Macy’s (M) Reports Second Quarter Fiscal 2022 Results

Macy’s On Tuesday, he cut his full-year forecast, saying he expected consumer spending on discretionary items like clothing to deteriorate, which would force the department store chain to use heavy markdowns to pull the items off the shelves. shelves.

The warning comes even as the retailer reported second-quarter profit and revenue which exceeded analysts’ expectations.

Macy’s now expects revenue for fiscal year 2022 to be in the range of $24.34 billion to $24.58 billion, down from previous estimates of $24.46 billion to $24.7 billion. It puts its annual adjusted earnings per share in the range of $4.00 to $4.20, down from earlier guidance of $4.53 to $4.95. Wall Street analysts were looking for a full-year forecast of $24.36 billion and $4.51 per share, according to consensus estimates from Refinitiv.

Macy’s Revised Forecast Tracks Big Box Giants walmart and Target last week, both reiterating their full-year guidance even as earnings come under pressure. Kohlshowever, cut its forecast again saying its middle-income customers are being hit by increased inflation.

Companies that rely on sales of discretionary items like apparel and footwear are at greater risk of underperforming in an environment where shoppers are increasingly considering cutting spending. During the summer months in particular, many Americans chose to splurge on vacations and restaurants rather than physical possessions.

“We expect to emerge from this uncertain period in a position of strength with a healthy balance sheet,” chief executive Jeff Gennette said in a statement.

Macy’s noted that its Bloomingdale’s and Bluemercury banners attracted demand in the past quarter from high-income spenders looking for luxury items. Both companies outperformed, he said.

Here’s how Macy’s fared in its fiscal second quarter compared to what analysts were expecting, based on Refinitiv estimates:

  • Earnings per share: $1 adjusted vs. 85 cents expected
  • Revenue: $5.6 billion vs $5.49 billion expected

Net income in the three months ended July 30 fell to $275 million, or 99 cents per share, from $345 million, or $1.08 per share, a year earlier.

Net sales fell slightly to $5.6 billion from $5.65 billion a year earlier.

Macy’s comparable sales on a more licensed owned basis fell 1.6% from a year earlier. Analysts were expecting a 2% decline, according to Refinitiv.

Digital sales fell 5% from a year earlier but were still up 37% from pre-pandemic levels, Macy’s said. E-commerce revenue accounted for 30% of total sales, down slightly from a year earlier as people returned to stores to shop.

Gennette said Macy’s so-called Polaris turnaround plans, which have resulted in store closures and investments in its digital operations, have made the company faster and more nimble.

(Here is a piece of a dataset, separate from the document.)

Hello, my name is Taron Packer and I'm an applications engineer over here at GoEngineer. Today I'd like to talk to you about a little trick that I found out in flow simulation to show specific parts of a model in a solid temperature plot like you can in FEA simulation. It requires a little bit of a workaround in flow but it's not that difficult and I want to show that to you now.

This has been “essential in navigating rapidly changing consumer trends and macro conditions,” he said.

As Macy’s reduces its exposure to brick-and-mortar malls, the company opens smaller stores in non-mall locations. It is also testing other ways to attract shoppers to its stores, including a partnership with the owner of Toys R Us to bring an assortment of toys and games to hundreds of Macy’s locations before the holidays.

Yet Macy’s cannot escape changing consumer behavior amid decades of high inflation.

Macy’s reported second-quarter inventory levels up 7% from year-ago levels. The department store chain said it was aiming for “appropriate” inventory levels by the end of the year.

It said it was using markdowns to eliminate aged inventory of seasonal products, private label merchandise and pandemic-related categories like activewear, sleepwear and home goods.

At the same time, Macy’s said it will invest in bringing in new inventory of the categories its customers seek out during the holiday season.

During its second quarter, Macy’s reported strength in women’s dresses and workwear, men’s tailored activewear, fragrances and luggage.

“The past two years have been good for Macy’s and the business is now in better shape than it was before the pandemic,” said Neil Saunders, managing director of GlobalData Retail. “However, unless the company capitalizes on this fortune to make major changes, it will continue to lag the overall market.”